A veteran of two giants of hard-rock, DEEP PURPLE and RAINBOW, guitarist extraordinaire RITCHIE BLACKMORE took a surprise musical u-turn when, in the mid-90s, he ventured into medieval-type folk music with BLACKMORE’s NIGHT.
SHADOW OF THE MOON (1998) {*6} was the first recorded fruits of his collaboration with musical partner/wife-to-be Candice Night, a total departure from his halcyon heavy-metal heydays. The album found Ritchie and his young/20-something vocalist/lyricist from the Big Apple exploring renaissance-era music via elements of new age, world, rock and of course, medieval folk. Such distinctly un-rock’n’roll instrumentation as pennywhistle, hurdy-gurdy and mandolin contributed to the ambience while JETHRO TULL’s Ian Anderson even made an appearance with a blast of his trademark flute. Fans thinking this would a one-off sojourn before returning to his day-job in DEEP PURPLE would be proved wrong.
Written with the anticipation of a full stage tour, sophomore effort UNDER A VIOLET MOON (1999) {*5} was similar if less restrained, BLACKMORE again demonstrating his mastery of the acoustic guitar.
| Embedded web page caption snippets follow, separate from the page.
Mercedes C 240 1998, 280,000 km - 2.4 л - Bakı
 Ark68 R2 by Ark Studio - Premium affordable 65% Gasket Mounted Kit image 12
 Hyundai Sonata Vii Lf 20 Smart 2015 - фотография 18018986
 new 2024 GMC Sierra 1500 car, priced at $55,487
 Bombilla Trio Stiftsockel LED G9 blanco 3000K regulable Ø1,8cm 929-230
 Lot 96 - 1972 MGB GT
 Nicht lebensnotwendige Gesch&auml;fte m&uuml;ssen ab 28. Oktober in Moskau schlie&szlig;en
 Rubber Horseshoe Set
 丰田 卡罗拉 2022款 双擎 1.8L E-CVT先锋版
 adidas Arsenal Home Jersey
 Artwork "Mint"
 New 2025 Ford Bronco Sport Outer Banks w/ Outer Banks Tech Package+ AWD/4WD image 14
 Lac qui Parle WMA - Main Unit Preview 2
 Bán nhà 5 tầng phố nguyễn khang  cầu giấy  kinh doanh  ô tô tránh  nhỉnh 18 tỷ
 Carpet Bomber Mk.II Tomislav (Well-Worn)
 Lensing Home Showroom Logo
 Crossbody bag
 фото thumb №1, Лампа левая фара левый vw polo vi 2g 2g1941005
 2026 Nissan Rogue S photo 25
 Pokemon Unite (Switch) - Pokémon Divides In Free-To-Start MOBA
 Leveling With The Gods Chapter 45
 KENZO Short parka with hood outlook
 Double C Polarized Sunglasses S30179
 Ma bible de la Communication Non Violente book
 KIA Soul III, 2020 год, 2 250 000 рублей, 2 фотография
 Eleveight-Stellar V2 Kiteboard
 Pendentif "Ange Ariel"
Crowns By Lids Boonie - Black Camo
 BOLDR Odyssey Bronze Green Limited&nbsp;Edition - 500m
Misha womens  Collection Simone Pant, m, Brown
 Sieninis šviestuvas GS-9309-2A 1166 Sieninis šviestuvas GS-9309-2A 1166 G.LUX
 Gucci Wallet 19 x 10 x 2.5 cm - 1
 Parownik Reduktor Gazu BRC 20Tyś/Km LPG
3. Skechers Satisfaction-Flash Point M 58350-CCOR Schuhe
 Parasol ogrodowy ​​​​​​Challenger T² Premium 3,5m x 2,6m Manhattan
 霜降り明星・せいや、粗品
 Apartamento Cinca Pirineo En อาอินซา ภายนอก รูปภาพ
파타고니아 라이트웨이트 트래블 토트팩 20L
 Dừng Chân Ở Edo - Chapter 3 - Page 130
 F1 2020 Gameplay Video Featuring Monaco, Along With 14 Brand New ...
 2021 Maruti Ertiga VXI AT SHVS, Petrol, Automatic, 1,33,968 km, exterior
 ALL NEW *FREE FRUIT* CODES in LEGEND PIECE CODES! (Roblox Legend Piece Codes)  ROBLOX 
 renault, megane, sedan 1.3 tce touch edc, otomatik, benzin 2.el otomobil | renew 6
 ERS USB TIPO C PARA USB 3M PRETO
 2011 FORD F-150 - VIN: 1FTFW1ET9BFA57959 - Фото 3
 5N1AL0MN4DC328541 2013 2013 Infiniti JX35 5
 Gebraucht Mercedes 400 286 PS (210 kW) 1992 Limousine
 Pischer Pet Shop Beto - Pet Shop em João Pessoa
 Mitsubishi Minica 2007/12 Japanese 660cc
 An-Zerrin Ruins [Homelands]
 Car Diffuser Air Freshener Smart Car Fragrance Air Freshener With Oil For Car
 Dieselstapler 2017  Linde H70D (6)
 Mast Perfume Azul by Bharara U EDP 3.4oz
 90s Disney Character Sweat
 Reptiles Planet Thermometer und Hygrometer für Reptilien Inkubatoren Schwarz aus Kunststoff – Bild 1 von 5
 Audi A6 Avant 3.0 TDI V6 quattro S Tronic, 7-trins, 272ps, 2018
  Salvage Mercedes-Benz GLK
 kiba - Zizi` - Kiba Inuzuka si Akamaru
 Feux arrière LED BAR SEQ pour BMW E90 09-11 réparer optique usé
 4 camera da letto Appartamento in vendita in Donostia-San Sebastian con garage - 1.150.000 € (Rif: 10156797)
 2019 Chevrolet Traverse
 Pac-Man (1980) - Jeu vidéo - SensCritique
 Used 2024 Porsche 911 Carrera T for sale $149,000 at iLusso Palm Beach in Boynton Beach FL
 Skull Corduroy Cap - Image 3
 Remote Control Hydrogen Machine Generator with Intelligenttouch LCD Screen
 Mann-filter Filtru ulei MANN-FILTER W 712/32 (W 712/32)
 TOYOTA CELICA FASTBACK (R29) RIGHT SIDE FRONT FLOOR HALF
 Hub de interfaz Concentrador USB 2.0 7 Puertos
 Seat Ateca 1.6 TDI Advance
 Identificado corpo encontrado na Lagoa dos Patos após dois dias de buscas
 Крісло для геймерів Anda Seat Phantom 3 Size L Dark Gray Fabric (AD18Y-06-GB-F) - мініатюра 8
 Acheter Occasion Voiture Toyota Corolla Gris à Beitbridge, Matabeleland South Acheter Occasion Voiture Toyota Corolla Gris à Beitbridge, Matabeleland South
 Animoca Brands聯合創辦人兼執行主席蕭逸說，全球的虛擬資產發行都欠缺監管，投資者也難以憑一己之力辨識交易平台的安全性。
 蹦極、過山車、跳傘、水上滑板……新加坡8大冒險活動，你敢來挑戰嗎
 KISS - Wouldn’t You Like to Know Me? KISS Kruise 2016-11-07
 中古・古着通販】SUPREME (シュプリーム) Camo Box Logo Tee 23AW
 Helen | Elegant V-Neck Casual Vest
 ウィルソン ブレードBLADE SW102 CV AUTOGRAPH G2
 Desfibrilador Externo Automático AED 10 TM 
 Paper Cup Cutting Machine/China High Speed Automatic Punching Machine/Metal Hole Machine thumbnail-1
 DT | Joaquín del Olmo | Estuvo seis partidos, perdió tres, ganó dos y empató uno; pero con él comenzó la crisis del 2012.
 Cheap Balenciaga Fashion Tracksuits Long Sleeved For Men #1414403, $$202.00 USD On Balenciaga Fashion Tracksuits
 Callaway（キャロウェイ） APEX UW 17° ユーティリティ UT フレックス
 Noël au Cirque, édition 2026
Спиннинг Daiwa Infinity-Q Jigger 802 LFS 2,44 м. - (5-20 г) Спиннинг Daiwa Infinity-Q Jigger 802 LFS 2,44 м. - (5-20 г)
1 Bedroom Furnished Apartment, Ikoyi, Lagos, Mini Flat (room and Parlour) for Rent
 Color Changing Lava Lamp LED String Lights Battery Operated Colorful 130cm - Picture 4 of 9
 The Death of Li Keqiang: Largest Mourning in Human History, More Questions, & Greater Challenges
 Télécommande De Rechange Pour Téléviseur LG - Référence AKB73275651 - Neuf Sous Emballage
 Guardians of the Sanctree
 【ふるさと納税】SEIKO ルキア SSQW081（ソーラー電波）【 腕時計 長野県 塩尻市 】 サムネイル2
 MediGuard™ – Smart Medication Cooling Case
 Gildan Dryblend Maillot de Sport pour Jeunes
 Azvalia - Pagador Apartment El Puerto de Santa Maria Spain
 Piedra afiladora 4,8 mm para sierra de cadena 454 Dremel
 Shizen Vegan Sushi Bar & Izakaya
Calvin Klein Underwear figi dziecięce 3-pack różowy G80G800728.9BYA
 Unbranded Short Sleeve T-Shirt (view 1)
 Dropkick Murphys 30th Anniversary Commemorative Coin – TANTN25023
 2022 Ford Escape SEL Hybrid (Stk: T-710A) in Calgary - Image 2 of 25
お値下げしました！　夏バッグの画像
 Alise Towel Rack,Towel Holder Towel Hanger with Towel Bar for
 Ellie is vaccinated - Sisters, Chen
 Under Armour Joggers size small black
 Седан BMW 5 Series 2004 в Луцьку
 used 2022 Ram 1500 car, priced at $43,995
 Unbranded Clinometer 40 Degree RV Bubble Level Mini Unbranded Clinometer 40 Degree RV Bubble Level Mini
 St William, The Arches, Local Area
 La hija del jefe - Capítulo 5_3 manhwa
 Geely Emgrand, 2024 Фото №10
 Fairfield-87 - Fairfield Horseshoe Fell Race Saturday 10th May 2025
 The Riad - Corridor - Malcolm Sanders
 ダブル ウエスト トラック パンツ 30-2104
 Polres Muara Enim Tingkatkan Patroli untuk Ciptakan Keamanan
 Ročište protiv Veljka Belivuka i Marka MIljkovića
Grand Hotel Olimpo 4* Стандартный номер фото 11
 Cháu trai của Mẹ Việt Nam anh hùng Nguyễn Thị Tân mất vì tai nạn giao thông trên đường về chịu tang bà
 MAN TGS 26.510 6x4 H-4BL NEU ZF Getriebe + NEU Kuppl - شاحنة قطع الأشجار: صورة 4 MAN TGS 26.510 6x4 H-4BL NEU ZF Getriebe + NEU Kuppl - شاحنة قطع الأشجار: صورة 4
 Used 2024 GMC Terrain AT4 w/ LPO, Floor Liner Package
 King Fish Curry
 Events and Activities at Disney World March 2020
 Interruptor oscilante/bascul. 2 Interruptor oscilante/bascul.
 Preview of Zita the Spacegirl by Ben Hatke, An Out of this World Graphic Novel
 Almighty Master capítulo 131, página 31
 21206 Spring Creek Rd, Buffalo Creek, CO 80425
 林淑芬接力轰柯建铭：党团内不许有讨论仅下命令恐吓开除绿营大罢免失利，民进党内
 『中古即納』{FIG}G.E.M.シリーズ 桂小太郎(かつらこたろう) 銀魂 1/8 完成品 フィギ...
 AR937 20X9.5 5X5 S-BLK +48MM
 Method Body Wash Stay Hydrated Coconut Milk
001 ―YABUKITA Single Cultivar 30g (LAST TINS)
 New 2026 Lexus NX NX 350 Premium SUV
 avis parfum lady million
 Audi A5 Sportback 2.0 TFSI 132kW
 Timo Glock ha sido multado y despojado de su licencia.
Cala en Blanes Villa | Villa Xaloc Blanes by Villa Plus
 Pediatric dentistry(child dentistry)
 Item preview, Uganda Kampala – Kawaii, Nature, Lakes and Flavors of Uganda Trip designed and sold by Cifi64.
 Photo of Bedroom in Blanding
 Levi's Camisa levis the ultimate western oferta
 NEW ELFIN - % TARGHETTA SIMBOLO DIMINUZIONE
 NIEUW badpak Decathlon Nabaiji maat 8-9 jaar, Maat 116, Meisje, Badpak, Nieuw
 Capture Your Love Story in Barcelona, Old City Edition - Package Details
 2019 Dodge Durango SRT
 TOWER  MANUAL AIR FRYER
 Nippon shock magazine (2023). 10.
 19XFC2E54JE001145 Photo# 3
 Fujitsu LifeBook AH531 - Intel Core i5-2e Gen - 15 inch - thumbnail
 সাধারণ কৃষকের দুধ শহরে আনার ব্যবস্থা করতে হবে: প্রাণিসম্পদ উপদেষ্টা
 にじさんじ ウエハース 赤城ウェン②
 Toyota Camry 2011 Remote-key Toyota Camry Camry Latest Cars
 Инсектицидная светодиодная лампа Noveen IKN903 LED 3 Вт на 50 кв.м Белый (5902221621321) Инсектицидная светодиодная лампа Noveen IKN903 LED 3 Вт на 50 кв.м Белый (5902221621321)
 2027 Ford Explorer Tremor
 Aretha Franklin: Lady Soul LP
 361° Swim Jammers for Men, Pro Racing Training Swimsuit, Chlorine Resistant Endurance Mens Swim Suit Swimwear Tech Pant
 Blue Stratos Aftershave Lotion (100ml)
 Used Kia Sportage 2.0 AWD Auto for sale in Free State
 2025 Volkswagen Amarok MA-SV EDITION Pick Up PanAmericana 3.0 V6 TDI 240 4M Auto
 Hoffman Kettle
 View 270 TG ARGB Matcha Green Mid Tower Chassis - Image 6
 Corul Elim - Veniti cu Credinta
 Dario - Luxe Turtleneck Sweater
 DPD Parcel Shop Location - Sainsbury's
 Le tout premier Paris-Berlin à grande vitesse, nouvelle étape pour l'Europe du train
In a hitherto unprecedented burst of creativity, the man continued his immersion in archaic motifs with 2001’s FIRES AT MIDNIGHT {*6}, although how DYLAN’s `The Times They Are A-Changin’’ fit into the latter’s a-hey-nonny-nonny medieval tapestry was anyone’s guess.
Recorded in the Netherlands a year earlier in full-medieval-jackets, 2003’s live double PAST TIMES WITH GOOD COMPANY {*5} (within which RAINBOW’s `16th Century Greensleeves’ was an admittedly better fit) was for a select, ye olde audience, many of which might’ve even gave credence or worth to the inclusive of DEEP PURPLE nugget `Soldier Of Fortune’. Studio set number four, GHOST OF A ROSE (2003) {*4}, took further steps back into folk’s deep cavern of time, its most modern ditty stemming from disastrous renditions of JETHRO TULL’s `Rainbow Blues’ and JOAN BAEZ’s `Diamonds And Rust’.
This reinvention was getting beyond a joke, as even a compilation BEYOND THE SUNSET: THE ROMANTIC COLLECTION {*6} was thought worthy of a release in 2004.
The oblivious pattern was continued for 2006’s renaissance-inspired THE VILLAGE LANTERNE {*6}, a record which again revisited music from his ye olde DEEP PURPLE days (`Child In Time’) – segued alongside `Mond Tanz’ and RAINBOW (`Street Of Dreams’); further folk bonuses came via the almost Park Lane version of RALPH McTELL’s `Streets Of London’.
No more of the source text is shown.